Distributions made from the Fund's net realized long-term capital gains are
taxable to shareholders as long-term capital gains regardless of the length of
time the shareholder has owned Fund shares. Generally, long-term capital gains
are taxable at a maximum federal income rate of 20%. Upon redemption of Fund
shares held by a non-tax-exempt investor, such investor, generally, will realize
a capital gain or loss equal to the difference between the redemption price
received by the investor and the adjusted basis of the shares redeemed. If the
redemption by the Fund is in-kind, capital gain or loss will be measured by the
difference between the fair market value of securities received and the adjusted
basis of the shares redeemed. Such capital gain or loss, generally, will
constitute a short-term capital gain or loss if the redeemed Fund shares were
held for twelve months or less, and long-term capital gain or loss if the
redeemed Fund shares were held for more than twelve months. If, however, Fund
shares were redeemed within six months of their purchase by an investor, and if
a capital gain dividend was paid with respect to the Fund's shares while they
were held by the investor, then any loss realized by the investor will be
treated as long-term capital loss to the extent of the capital gain dividend.

Under certain provisions of the Code, some shareholders may be subject to 31%
withholding on reportable dividends, capital gains distributions and redemption
payments ("back-up withholding"). Generally, shareholders subject to back-up
withholding will be those for whom a taxpayer identification number is not on
file with the Fund or who, to such Fund's knowledge, have furnished an incorrect
number. When establishing an account, an investor must certify under penalty of
perjury that such number is correct and that he is not otherwise subject to
back-up withholding.

Dividends paid by the Fund from its ordinary income and distributions of the
Fund's net realized short-term capital gains paid to shareholders who are
non-resident aliens will be subject to a 30% United States withholding tax under
existing provisions of the Code applicable to foreign individuals and entities
unless a reduced rate of withholding or a withholding exemption is provided
under applicable treaty law. Non-resident shareholders are urged to consult
their own tax advisers concerning the applicability of the United States
withholding tax.

The Code requires each regulated investment company to pay a nondeductible 4%
excise tax to the extent the company does not distribute, during each calendar
year, 98% of its ordinary income, determined on a calendar year basis, and 98%
of its capital gains, determined, in general, on an October 31 year-end, plus
any undistributed amount from prior years. The Fund anticipates that it will
make sufficient timely distributions to avoid imposition of the excise tax. If
the Fund pays a dividend in May which was declared in the previous October,
November or December to shareholders of record on a date in those months, then
such dividend or distribution will be treated for tax purposes as being paid on
December 31 and will be taxable to shareholders as if received on December 31.

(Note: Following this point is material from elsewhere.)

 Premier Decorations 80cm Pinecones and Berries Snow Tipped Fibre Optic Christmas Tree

The foregoing is a general and abbreviated summary of the applicable provisions
of the Code and Treasury regulations presently in effect. For the complete
provisions, reference should be made to the pertinent Code sections and the
Treasury regulations promulgated thereunder. The Code and these Treasury
regulations are subject to change by legislative or administrative action.
Dividends and capital gains distributions may also be subject to state and local
taxes.
<PAGE>

The federal income tax consequences set forth above do not address any
particular tax considerations a shareholder of the Fund might have. Shareholders
are urged to consult their tax advisors as to the particular tax consequences of
the acquisition, ownership and disposition of shares of the Fund, including the
application of state, local and foreign tax laws and possible future changes in
federal tax laws. Foreign investors should consider applicable foreign taxes in
their evaluation of an investment in the Fund.

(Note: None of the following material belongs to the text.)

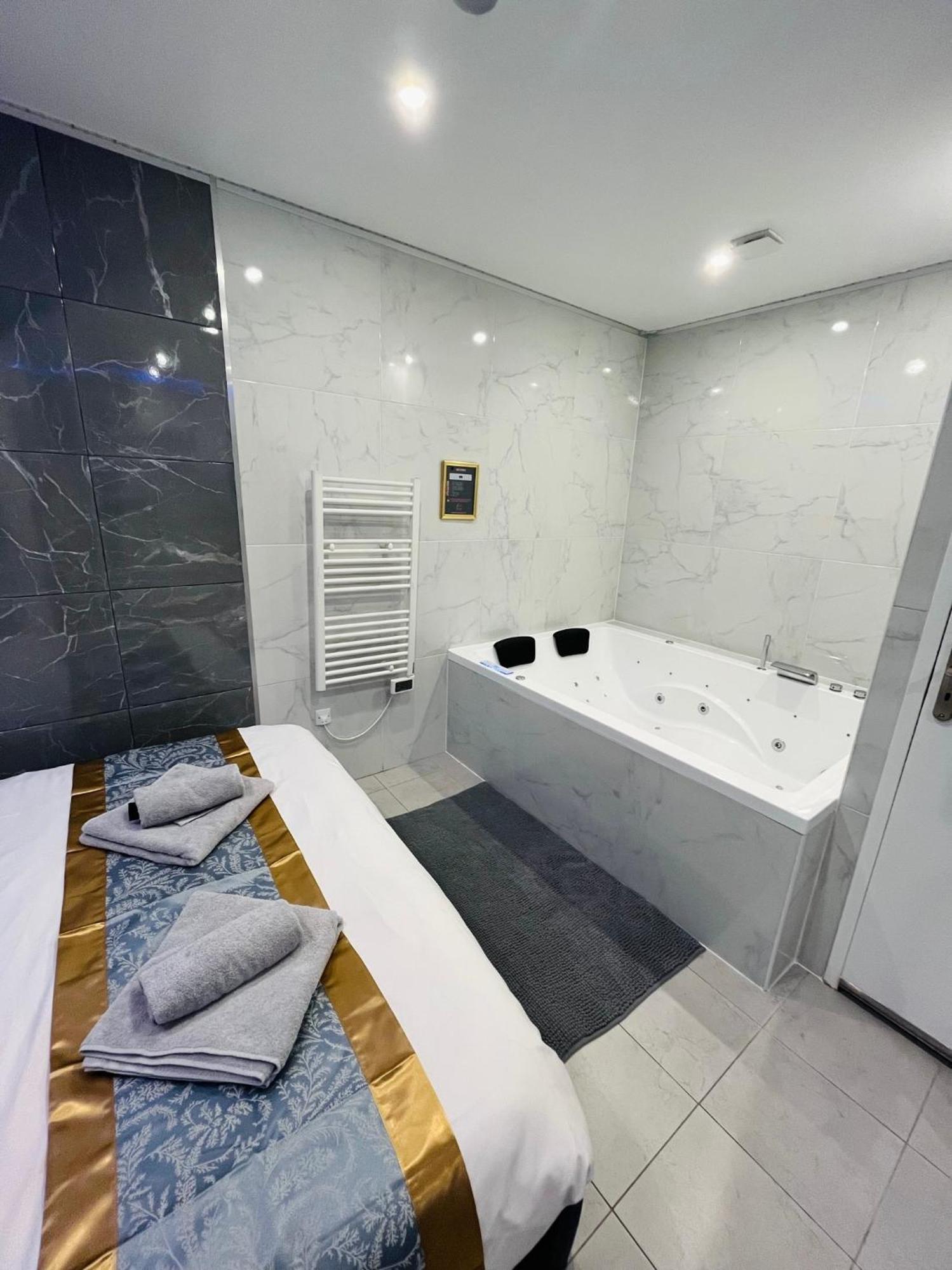 Room & Jacuzzi - Stade De France Saint-Denis  Exterior photo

                            PERFORMANCE INFORMATION

Reference is made to "Past Performance" in the Prospectus. Set forth below is
further information regarding performance of the Fund.

From time to time, the Fund may make available certain information about its
performance. This information may include calculations regarding the total
return on an investment in the Fund ("Total Return"). Total Return is measured
by comparing the value of an investment in the Fund at the beginning of the
relevant period to the redemption value of the investment at the end of the
period (assuming reinvestment of any dividends or capital gains distributions).
When the Fund makes available its Total Return, it will be calculated on an
annualized basis for specified periods of time, and may be calculated for the
period since the start of the Fund's operations. Any performance information
made available by the Fund, including Total Return, is based on the Fund's
historical record and is not intended to indicate future performance.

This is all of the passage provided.